Web pages loaded quickly using the native web browser as well as Google Chrome. The phone scored 3,216 points in the Vellamo benchmark test while testing the phone’s native browser whereas it scored 3,496 while testing Google Chrome. These benchmarks prove that the phone can handle any task assigned to it and also run games without any hiccups.

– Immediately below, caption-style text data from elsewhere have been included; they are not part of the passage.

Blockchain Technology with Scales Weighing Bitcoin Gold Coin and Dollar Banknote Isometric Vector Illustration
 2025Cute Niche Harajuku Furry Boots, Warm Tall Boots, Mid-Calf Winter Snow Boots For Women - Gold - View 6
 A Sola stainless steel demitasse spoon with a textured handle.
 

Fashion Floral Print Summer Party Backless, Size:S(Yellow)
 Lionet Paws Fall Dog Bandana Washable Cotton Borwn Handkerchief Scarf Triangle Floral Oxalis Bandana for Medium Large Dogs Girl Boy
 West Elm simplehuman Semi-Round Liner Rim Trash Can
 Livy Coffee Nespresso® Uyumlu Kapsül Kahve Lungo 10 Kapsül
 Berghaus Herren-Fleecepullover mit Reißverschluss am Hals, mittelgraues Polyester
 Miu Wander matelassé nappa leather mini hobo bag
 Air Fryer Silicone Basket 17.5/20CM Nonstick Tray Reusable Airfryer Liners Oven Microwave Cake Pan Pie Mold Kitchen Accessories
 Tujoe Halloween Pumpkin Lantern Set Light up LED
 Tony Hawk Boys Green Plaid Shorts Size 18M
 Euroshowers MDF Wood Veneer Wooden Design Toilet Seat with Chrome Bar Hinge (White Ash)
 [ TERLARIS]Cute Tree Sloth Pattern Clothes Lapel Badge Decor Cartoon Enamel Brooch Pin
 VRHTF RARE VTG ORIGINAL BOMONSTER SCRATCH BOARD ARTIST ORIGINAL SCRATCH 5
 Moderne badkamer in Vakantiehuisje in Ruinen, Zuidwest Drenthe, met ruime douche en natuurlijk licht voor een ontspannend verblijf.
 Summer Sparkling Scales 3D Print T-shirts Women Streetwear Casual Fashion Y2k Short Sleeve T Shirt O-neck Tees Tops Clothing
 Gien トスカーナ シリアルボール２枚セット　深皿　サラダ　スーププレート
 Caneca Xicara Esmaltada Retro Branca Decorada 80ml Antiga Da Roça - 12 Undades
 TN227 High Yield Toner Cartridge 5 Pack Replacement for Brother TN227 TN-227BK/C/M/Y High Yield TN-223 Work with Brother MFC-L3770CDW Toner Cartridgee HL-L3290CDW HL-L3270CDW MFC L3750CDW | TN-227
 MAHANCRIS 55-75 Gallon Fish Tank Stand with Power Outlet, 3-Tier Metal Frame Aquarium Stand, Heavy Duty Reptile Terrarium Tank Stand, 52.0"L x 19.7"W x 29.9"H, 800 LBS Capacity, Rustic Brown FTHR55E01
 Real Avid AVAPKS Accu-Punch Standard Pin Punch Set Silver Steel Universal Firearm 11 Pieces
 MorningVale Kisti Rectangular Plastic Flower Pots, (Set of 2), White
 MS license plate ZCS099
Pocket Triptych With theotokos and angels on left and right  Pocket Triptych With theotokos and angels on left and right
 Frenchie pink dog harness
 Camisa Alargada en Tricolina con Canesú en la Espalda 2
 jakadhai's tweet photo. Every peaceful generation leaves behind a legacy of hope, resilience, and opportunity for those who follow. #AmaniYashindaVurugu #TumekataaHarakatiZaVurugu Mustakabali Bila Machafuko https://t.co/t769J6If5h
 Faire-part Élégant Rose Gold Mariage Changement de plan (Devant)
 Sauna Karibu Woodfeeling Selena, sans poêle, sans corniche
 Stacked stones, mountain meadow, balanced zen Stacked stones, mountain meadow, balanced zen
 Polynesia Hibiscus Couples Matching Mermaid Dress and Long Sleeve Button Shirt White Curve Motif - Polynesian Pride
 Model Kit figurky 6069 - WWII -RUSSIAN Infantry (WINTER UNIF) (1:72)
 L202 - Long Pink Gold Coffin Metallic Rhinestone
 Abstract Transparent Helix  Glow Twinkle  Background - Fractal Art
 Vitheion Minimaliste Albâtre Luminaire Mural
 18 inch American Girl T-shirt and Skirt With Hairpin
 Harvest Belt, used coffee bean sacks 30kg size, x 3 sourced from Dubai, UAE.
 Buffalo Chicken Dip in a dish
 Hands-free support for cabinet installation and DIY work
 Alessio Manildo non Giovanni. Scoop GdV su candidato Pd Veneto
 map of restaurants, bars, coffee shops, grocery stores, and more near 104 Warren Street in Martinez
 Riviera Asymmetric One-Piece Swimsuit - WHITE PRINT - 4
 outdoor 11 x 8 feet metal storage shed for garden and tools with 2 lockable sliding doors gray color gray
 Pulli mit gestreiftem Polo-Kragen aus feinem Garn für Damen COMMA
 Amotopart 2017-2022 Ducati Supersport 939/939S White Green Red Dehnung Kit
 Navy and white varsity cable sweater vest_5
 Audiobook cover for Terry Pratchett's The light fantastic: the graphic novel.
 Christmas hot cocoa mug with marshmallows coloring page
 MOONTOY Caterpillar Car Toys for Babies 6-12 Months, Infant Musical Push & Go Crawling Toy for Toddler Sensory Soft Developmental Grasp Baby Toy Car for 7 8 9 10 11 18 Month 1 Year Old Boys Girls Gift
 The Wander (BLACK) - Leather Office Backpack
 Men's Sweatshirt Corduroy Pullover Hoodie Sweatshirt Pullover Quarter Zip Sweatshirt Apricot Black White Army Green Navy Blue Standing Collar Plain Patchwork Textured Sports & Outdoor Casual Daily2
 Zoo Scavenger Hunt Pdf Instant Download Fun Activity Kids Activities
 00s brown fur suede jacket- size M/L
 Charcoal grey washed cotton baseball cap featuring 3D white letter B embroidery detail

The ZenFone Zoom has a 3,000mAh non-removable battery. When connected to a 4G network, the Zoom lasts for just about a day on moderate usage. We used the phone to make phone calls, play Asphalt 8 for about half an hour, watch YouTube videos for half an hour, and use social media apps intermittently. We uninstalled several preloaded apps and also disabled many apps from launching at startup. The Zoom has ASUS’ fast charging technology which charges the phone to 42 percent in just half an hour. For a point-and-shoot camera challenging smartphone, we felt that battery juice was barely enough for it. One really has to tinker around the settings and uninstall unwanted apps to make the best of the battery capacity.
ASUS ZenFone Zoom is priced at Rs.37,999 in India, and it is one of the premium-looking camera-centric smartphones in the market. The phone delivers on the basics, such as a fluid user interface despite using not-so-high-end hardware. The software is fast, and we’re hoping that the Marshmallow update will make the phone even faster. The ZenFone Zoom competes closely with Motorola Moto X Style, which is not a camera-centric smartphone but still delivers better all round performance.
ASUS claimed of toiling on this phone for about two years. However, the phone’s hardware seems a bit today and software experience has rough edges. The imaging department falls short of expectations. While the optical zoom indeed is the unique feature on-board, it doesn’t help much in delivering the ultimate goal of the camera - image quality. The dedicated video capture and camera buttons are welcome as most camera-centric smartphones lack them. With 128GB built-in storage and 128GB expandable storage, ASUS has raised the bar for multimedia and camera-centric smartphones.
The ZenFone Zoom is meant for those who want a camera-centric smartphone with optical zoom, ample storage, and a premium build.